Problem to work on
Give back the full listing verbatim, apart from its images.

BEGIN Dataset extract

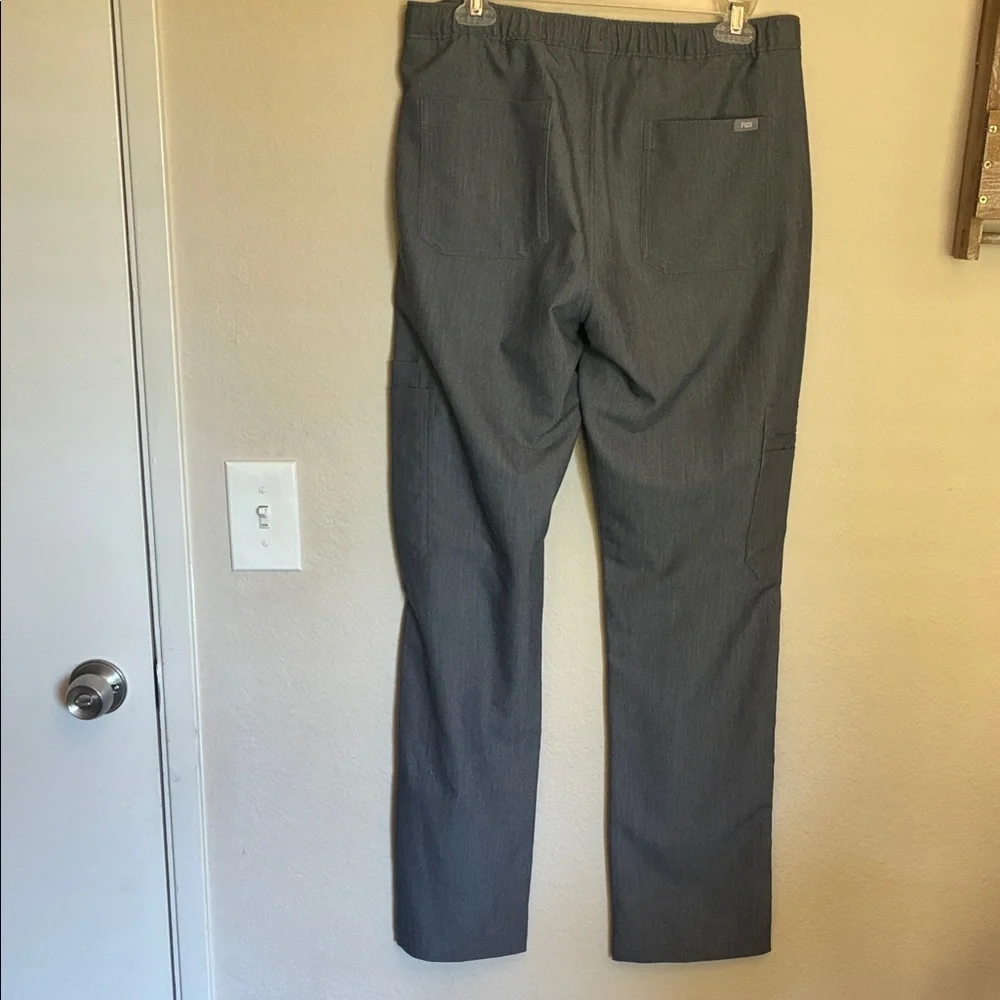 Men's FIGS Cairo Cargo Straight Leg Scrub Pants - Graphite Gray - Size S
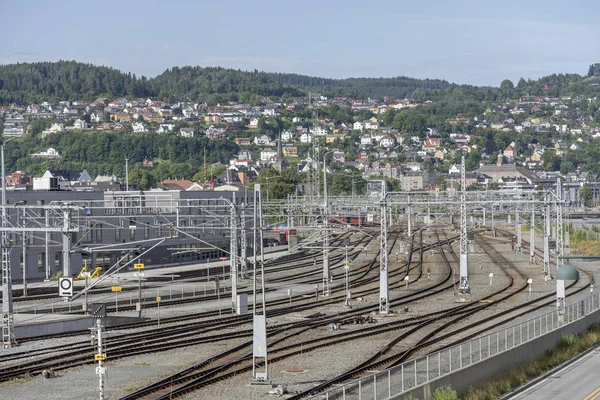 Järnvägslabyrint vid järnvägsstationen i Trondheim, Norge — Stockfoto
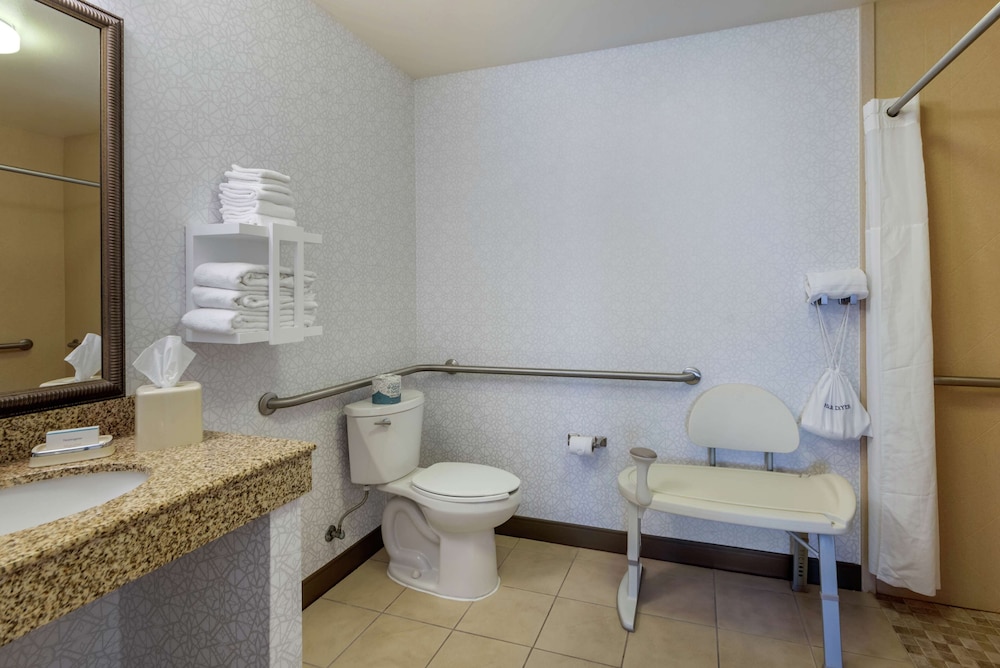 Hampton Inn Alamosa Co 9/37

END Dataset extract

Written solution
 Men's FIGS Cairo Cargo Straight Leg Scrub Pants - Graphite Gray - Size S
 Järnvägslabyrint vid järnvägsstationen i Trondheim, Norge — Stockfoto
 Hampton Inn Alamosa Co 9/37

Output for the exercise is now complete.